Where I see valid concerns are:

  • in a synced folder, such as Dropbox or iCloud Drive, where syncing it to another location could confuse and corrupt the library
  • on a file system that is not HFS+, since I believe that the integrity of the library has been written in such a way that it depends on the journaling and other features of this specific file system it resides on
  • in a shared folder, where there’s a risk that two users may try to access (and therefore modify) the same library at the same time, which it’s not designed to do.

But none of that rules out NAS strictly. I will never put it in a synced folder or share it with anyone, and I can make sure it’s HFS+.

Another concern is that network storage will be slow. Well, that’s my problem to deal with.

And yet another concern is that disconnection of the network drive could lead to corruption. But I don’t buy that argument. For a reason that I don’t understand, my external Lacie RAID drives have been randomly going offline on a regular basis for YEARS. Then Photos says “Photos needs to Quit because the library has become unavailable.” Then I restart the drive, restart Photos, and everything is always fine. No corruption, no rebuilding. MUCH better than the old iPhoto days.

Nonetheless, this guy found a way to do it that adds a layer of safety that seems hard to dispute. He creates a sparse image on the NAS, mounts it locally on the Mac, and puts the library in there:

There is a least one commenter in there who is adamant that it’s a bad idea. But he seems to be nothing but a zealot with an Apple recommendation and no real knowledge. And some of the advantages of this approach are that you can force the file system on the sparse image to be whatever you want, independent of the file system the image lives on; and secondly, the image can only be opened and mounted in once place at a time, ensuring that it won’t be opened by two users at once.

So!

I tried his idea, and have had it up for a couple weeks. It’s lost connection a couple times, but recovery is fine, just like with an external drive. Everything seems to be fine.

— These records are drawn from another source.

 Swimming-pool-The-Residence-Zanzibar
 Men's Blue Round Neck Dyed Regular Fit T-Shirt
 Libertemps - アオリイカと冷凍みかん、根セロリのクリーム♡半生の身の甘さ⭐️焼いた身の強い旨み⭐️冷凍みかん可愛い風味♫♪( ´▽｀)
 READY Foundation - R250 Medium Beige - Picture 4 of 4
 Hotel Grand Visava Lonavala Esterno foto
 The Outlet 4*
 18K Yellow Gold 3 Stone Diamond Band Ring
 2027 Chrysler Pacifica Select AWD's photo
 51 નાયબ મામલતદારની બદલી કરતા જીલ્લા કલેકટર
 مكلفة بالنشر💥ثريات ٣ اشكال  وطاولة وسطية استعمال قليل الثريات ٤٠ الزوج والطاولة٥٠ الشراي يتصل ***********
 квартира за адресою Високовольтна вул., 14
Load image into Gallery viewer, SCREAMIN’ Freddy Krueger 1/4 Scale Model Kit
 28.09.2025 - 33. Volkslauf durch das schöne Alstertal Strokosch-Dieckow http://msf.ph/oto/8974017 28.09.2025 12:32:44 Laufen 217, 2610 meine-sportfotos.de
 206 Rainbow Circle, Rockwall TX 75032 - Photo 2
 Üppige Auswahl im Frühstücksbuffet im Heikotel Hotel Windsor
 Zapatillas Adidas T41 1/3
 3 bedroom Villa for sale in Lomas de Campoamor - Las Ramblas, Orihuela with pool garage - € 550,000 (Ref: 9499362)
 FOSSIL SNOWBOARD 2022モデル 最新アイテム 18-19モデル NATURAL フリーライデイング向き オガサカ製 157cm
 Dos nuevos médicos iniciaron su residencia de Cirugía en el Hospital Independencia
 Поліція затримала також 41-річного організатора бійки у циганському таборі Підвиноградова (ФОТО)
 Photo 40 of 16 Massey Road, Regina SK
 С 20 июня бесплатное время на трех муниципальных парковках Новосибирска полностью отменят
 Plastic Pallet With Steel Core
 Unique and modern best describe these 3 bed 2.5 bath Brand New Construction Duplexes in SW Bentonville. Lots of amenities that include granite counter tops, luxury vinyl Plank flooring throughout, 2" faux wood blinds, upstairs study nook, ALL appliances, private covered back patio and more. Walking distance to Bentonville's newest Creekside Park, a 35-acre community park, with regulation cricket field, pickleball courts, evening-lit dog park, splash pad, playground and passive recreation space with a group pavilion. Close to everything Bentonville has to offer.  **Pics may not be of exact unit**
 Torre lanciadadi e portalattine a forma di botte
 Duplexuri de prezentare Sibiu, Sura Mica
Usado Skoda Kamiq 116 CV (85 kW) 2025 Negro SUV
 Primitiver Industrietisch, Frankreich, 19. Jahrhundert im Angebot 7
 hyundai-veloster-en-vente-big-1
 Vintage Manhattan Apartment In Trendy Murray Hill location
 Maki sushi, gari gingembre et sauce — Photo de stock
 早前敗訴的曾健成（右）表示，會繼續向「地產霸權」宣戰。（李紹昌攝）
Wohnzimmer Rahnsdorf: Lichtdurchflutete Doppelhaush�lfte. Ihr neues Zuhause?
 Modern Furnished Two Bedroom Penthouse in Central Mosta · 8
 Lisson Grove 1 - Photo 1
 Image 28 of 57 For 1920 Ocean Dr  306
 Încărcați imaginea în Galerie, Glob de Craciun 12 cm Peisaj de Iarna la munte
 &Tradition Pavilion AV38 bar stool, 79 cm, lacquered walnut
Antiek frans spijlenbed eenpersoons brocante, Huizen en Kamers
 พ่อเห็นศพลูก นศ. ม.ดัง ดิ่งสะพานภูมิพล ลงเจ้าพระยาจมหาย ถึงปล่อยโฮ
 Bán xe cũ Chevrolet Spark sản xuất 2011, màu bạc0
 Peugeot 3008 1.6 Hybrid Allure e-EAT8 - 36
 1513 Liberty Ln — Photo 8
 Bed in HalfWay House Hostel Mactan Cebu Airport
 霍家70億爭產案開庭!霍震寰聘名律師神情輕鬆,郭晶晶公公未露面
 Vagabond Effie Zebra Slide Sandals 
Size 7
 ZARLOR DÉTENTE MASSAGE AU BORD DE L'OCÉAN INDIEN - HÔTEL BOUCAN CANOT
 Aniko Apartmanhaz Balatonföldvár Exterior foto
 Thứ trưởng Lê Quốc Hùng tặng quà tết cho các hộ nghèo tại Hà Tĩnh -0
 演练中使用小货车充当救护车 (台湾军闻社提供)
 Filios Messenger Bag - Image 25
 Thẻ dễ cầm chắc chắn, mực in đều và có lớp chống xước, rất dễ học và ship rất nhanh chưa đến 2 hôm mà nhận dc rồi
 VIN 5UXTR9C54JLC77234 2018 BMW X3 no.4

But I’m not sure if I’m living dangerously or doing just fine, thank you. I’d love to know if you guys have field experience doing this and what you think?

I’d offer my long-time experience of using a sparse disk image on a Synology drive as an hourly backup destination, over Wi-Fi no less, but I don’t want to be called “some guy” or a “zealot” if you don’t believe me.

I think @dave1 was saying that the sparse image approach naysayer was the person who didn’t seem like a technically reliable source. :slight_smile: So please do share your experience!

Adam is right! The “naysayer” was just repeating the generic Apple guideline and shooting down what might have been a perfectly safe solution without adding any useful technical or empirical input. In fact, if you read that thread, it’s exasperating to hear this sparse image idea getting summarily dismissed.

So please do share your experience!

Thanks for clarifying. :slight_smile: I use Carbon Copy Cloner to back up physical hard drives to sparse disk images that live on a Synology NAS on a several-times-a-day basis. (hourly and 3x day) CCC mounts the dmg files across the Wi-FI network from the NAS, then unmounts them when finished. I’ve been doing this since May of 2018 (based on the creation date of the .dmg files.)

I’d say that it works nearly flawlessly. I say “nearly,” because if other network activity is causing congestion, CCC will report that the disk is damaged and needs repair. I’ve never had Disk Utility find any trouble with the image when this occurs, which has maybe happened 4 times this whole year (and only occurs if bandwidth is severely constrained thanks to FaceTime.)

I’ll be surprised if it doesn’t work in your scenario. The only caveat I can think of is that you’ll want to make sure the virtual volume is mounted before launching Photos. That’s the slowest part of the operation across the network and I could imagine a scenario where the app times out waiting for it, particularly since it’s probably untested given the “unsupported” party line.

Thanks for that great reply!

Aha, good idea. I still have a separate external drive for that purpose, but consolidating that onto the NAS sounds appealing. But I have question: in the event my internal HD dies, the goal would be to boot from the CCC image and, when the new drive arrives, copy from there back to the new/blank internal drive. Can you do that from the NAS? Can a blank Mac detect a “NAS disk image” as a boot drive?

I have not had that problem. And I never seem to have to mount the disk image. I think Photos automatically mounts it when launched, but I will check that when I get a chance.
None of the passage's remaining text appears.